Putting lipstick on the woman....

I have been wrestling with myself and many friends over my defense of Sarah Palin. Family and friends are in shock because as they say to me, how can you? She isn't intelligent. She likes guns and is anti-choice. And those are good arguments for not voting for her which I am not but I find I am so busy defending her right to be who and where she is that I cannot even get to the substantive issues.

Whenever the press wants to "get" a woman candidate, it is always about her looks (some have called her a "soft porn queen") or the money spent to dress her up. Remember Hillary's pants suits? Or the vicious ridicule. Did any of you see the Hillary Clinton nutcracker? Well now, a Palin look-a-like is hung by a noose from the roof of a house!!! Yes, you may not see it because the press is not repeating it as they would ad nausea if anyone hung Obama in effigy. I think that would be called a "lynching" conjuring up images of racism in America. I guess a hanging is the equivalent for women of sexism in the form of domestic violence.

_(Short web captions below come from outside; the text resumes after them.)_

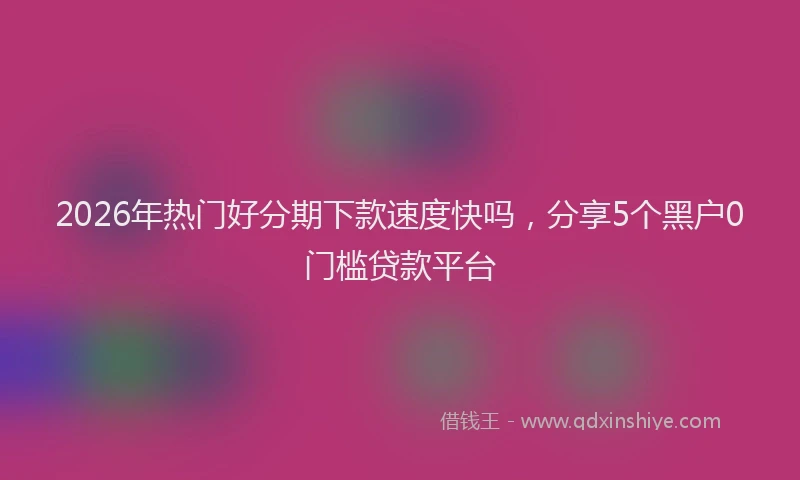 2026年热门好分期下款速度快吗，分享5个黑户0门槛贷款平台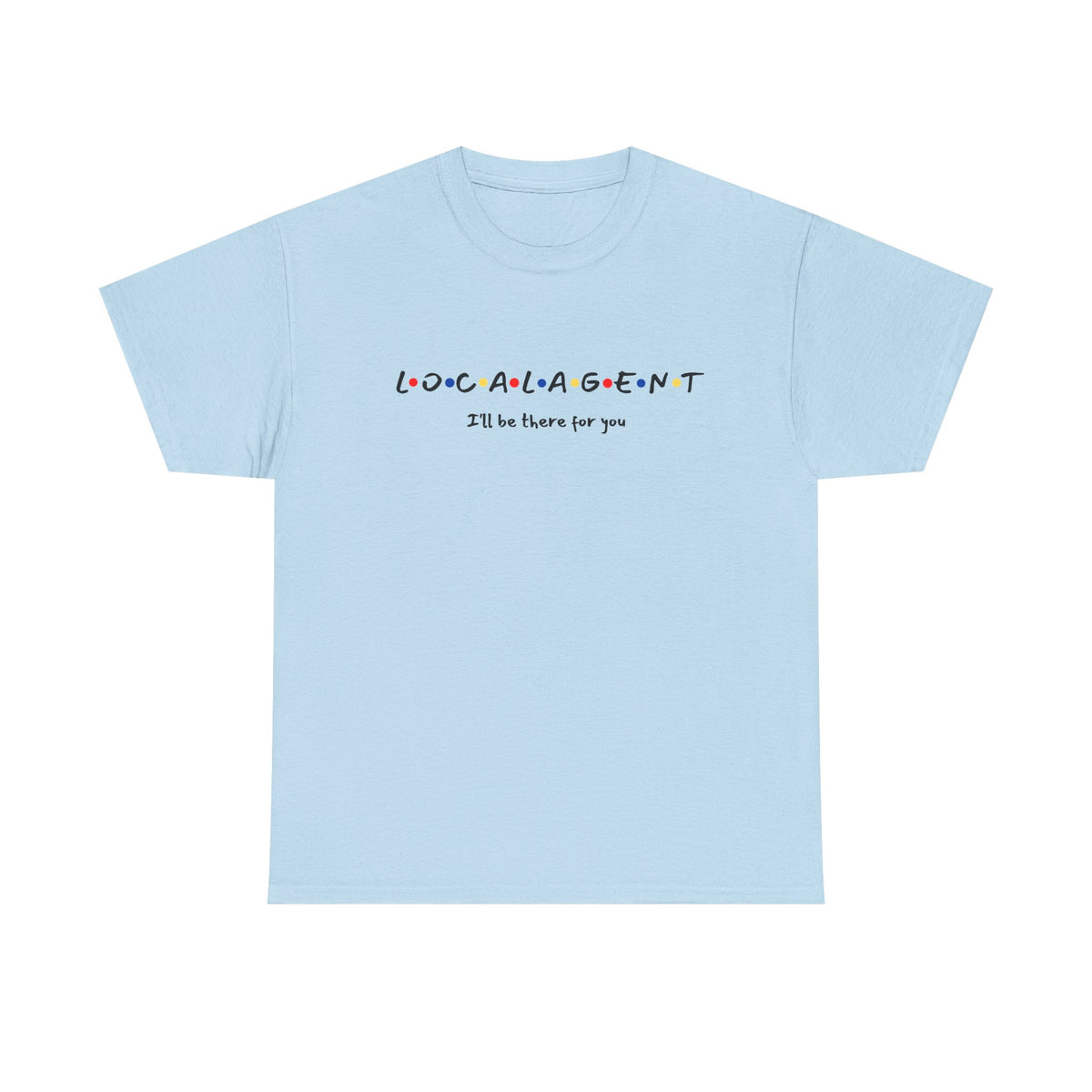 I'll Be There For You - Classic T-shirt
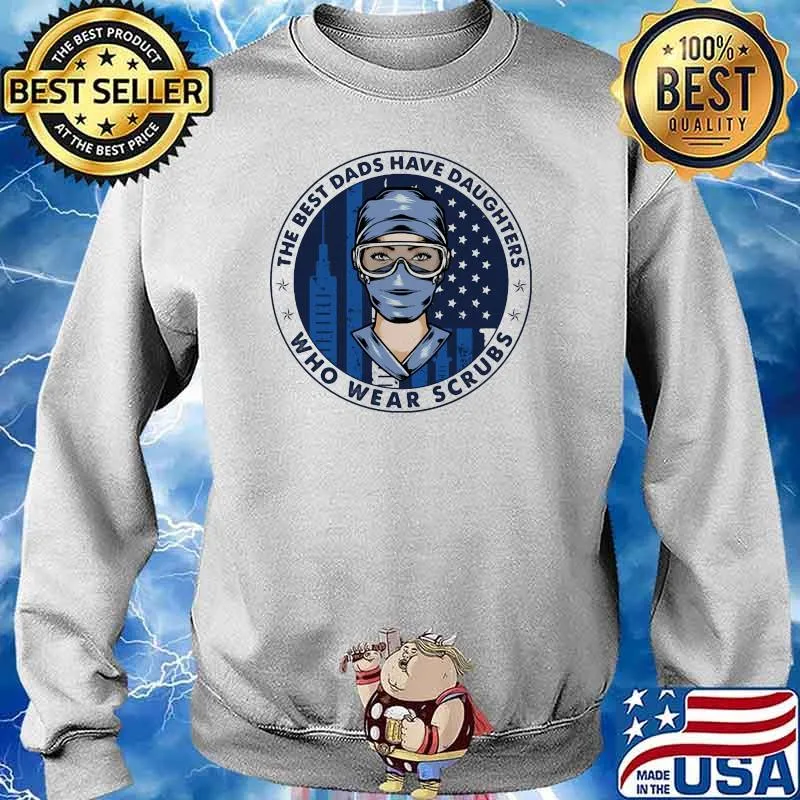 Best Dads Have Daughter who wear scrubs Nurse Shirt Sweater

And her intelligence, clearly suspect after the Gibson and Couric interviews. Yet, no one mentions Biden's recent remark on the stump that Obama understands the real issue and it is a three letter word, J-O-B-S. Whoops! In fact, most haven't even heard it (like the noose) because the mainstream media only played it a couple of times. Obama dresses up Biden's gaffes by calling them "rhetorical flourishes". (Yes that is correct!) But everything Palin says is sifted for possible mistakes so that her intelligence can be questioned. Is she smart enough to be our President?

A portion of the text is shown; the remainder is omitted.